Posts tagged: light

Blue is a darkness weakened by the light

Should your glance on mornings lovely

Lift to drink the heaven’s blue
Or when sun, veiled by sirocco,
Royal red sinks out of view -
Give to Nature praise and honor.
Blithe of heart and sound of eye,
Knowing for the world of colour
Where its broad foundations lie.

— Goethe

Horstmann Environment Concept Art

Horstmann Environment Concept Art

Another concept image of Horstmann within his environment. This one is made up of twenty or so other images that have been sliced up, masked, transformed and merged into one image. I have also worked into the image with Photoshops painting tools. I think this image is lacking some detail around the periphery but overall it’s beginning to take shape.
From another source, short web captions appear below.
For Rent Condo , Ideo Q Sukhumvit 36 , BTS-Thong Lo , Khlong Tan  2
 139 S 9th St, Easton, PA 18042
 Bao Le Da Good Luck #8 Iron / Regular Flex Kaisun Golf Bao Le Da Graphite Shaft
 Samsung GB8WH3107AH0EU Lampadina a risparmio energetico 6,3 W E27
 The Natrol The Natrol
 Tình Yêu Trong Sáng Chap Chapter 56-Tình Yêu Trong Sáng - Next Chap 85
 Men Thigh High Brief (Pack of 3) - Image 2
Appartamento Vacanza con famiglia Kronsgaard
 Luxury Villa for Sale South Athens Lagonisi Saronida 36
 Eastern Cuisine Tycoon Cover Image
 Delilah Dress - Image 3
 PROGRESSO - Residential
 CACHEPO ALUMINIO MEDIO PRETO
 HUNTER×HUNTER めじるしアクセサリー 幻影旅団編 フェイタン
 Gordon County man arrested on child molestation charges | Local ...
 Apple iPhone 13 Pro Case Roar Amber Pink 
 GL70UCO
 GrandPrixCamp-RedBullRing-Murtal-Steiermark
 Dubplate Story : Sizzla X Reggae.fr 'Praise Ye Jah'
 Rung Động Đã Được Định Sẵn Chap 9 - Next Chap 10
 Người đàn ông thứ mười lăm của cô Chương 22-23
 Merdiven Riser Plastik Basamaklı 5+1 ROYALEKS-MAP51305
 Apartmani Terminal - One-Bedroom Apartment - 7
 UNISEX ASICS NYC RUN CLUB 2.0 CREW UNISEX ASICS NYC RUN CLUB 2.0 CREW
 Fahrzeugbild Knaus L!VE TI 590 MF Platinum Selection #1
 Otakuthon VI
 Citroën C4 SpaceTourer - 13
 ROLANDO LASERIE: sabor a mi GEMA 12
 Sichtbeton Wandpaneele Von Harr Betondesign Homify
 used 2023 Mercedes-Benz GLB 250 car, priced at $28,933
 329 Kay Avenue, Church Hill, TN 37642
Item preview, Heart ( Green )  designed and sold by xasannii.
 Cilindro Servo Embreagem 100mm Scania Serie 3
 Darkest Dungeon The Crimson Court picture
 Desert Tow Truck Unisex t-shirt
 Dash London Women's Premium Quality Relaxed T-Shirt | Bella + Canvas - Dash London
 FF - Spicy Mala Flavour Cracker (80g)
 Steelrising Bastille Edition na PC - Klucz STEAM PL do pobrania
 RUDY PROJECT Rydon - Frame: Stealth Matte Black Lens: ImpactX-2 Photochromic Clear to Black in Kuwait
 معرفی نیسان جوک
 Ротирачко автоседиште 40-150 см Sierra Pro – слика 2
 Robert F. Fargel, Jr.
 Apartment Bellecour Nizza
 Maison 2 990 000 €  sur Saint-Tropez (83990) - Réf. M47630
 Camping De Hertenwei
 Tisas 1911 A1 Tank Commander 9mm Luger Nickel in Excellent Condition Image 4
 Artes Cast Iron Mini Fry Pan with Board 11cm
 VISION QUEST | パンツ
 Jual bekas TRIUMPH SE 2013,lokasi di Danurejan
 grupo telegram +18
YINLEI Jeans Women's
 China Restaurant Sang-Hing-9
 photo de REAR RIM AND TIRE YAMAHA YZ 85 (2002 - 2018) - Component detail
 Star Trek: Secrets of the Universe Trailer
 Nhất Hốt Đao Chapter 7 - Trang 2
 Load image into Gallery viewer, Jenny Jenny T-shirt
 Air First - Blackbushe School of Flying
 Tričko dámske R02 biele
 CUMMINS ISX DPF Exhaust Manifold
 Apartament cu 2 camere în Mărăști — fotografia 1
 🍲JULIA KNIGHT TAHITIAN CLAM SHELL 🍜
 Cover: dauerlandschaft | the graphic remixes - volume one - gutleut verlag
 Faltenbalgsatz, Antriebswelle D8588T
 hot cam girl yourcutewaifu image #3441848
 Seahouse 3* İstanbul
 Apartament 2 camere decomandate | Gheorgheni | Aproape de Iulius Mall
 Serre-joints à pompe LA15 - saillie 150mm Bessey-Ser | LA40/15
The coloured tendrils stand out really well despite the deep blue saturation within the shadows and darker areas.

Click for larger image.

CG Lighting Principles

I’m currently working on the the lighting for Horstmann… I always feel a bit in the dark when it comes to lighting a scene, I’ve never had any formal education in this area. In fact most of my knowledge of cg and animation has been learned through the trial and error of personal experience. I’ve always been interested in lighting and feel like my own exploration of it has given some good results, but I’ve never really developed my understanding to a point where I would feel confident knowing what is achievable without simply adding lights to a scene, moving them around and hitting render.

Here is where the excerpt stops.